You are viewing a plain text version of this content. The canonical link for it is here.

Posted to java-user@lucene.apache.org by sirakov <si...@gmail.com> on 2006/11/20 09:20:31 UTC

Newbie Search Question

Hello,
the indexation works, as well as the search. 

E:\Temp>java org.apache.lucene.demo.IndexFiles E:\Temp\linux-vani
Indexing to directory 'index'...
adding E:\Temp\linux-vani\mngenf.pdf
adding E:\Temp\linux-vani\VVZSS2006.pdf
adding E:\Temp\linux-vani\komm.Vlvz-SS06-Hp.pdf
adding E:\Temp\linux-vani\ostsuednf.pdf
adding E:\Temp\linux-vani\ects_2006s.pdf
adding E:\Temp\linux-vani\Programm_SS06.doc
adding E:\Temp\linux-vani\Programm_SS06.kwd
adding E:\Temp\linux-vani\bulso-nf.pdf
adding E:\Temp\linux-vani\Programm_SS06.rtf
Optimizing...
2624 total milliseconds

E:\Temp>java org.apache.lucene.demo.SearchFiles
Query: Kulturthema
Searching for: kulturthema
2 total matching documents
1. E:\Temp\linux-vani\Programm_SS06.rtf
2. E:\Temp\linux-vani\Programm_SS06.doc
Query:


But how I can insert some text into the search results. I must use the
highligter or what? Unfortunately, I find no tips about that under
http://lucene.apache.org/java/docs/gettingstarted.html.

Thanks in advance,
Sirakov
-- 
View this message in context: http://www.nabble.com/Newbie-Search-Question-tf2667479.html#a7438630
Sent from the Lucene - Java Users mailing list archive at Nabble.com.
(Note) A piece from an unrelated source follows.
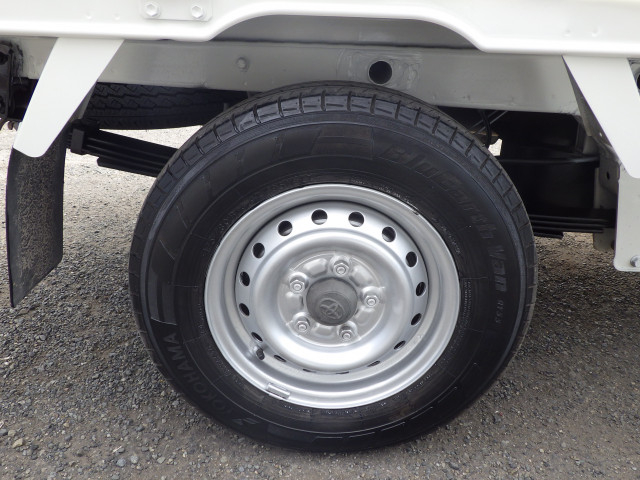 トヨタ タウンエース 小型 平ボディ DBF-S402U(93475) 28枚目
---------------------------------------------------------------------
To unsubscribe, e-mail: java-user-unsubscribe@lucene.apache.org
For additional commands, e-mail: java-user-help@lucene.apache.org

Re: Newbie Search Question

Posted by sirakov <si...@gmail.com>.

I've read the FAQ, and i have found the following:

You need to store the documents' summary in the index (use Field.Store.YES
when creating that field) and then use the Highlighter from the contrib area
(distributed with Lucene since version 1.9 as
"lucene-highlighter-(version).jar").

If I understand correct, i must create this Field "summary" using
Field.Store.YES and Field.Index.YES, but what kind of parser i must use?

This must look like the example in the HTMLDocument.java:

doc.add(new Field("summary", parser.getSummary(), Field.Store.YES,
Field.Index.YES));

The variable "parser" was declared as HTMLParser, but i cant use this into
the FileDocument.java....can someone give me a hint or help me?

Thanks in advance,
Sirakov
-- 
View this message in context: http://www.nabble.com/Newbie-Search-Question-tf2667479.html#a7782174
Sent from the Lucene - Java Users mailing list archive at Nabble.com.


---------------------------------------------------------------------
To unsubscribe, e-mail: java-user-unsubscribe@lucene.apache.org
For additional commands, e-mail: java-user-help@lucene.apache.org

Re: Newbie Search Question

Posted by sirakov <si...@gmail.com>.

Erick Erickson wrote:
> 
> And how are you storing your date? Field.Store.YES? NO? COMPRESSED?
> 

I think, here is my problem...I have found this in the FileDocument.java:

doc.add(new Field("contents", new FileReader(f)));

Field.Store.YES is missing, but when I try to put this argument, i become an
error message. I'll try to found a solution for the problem, but if you have
any tips for me - please let me know :)

thanks in advance,
sirakov

-- 
View this message in context: http://www.nabble.com/Newbie-Search-Question-tf2667479.html#a7555948
Sent from the Lucene - Java Users mailing list archive at Nabble.com.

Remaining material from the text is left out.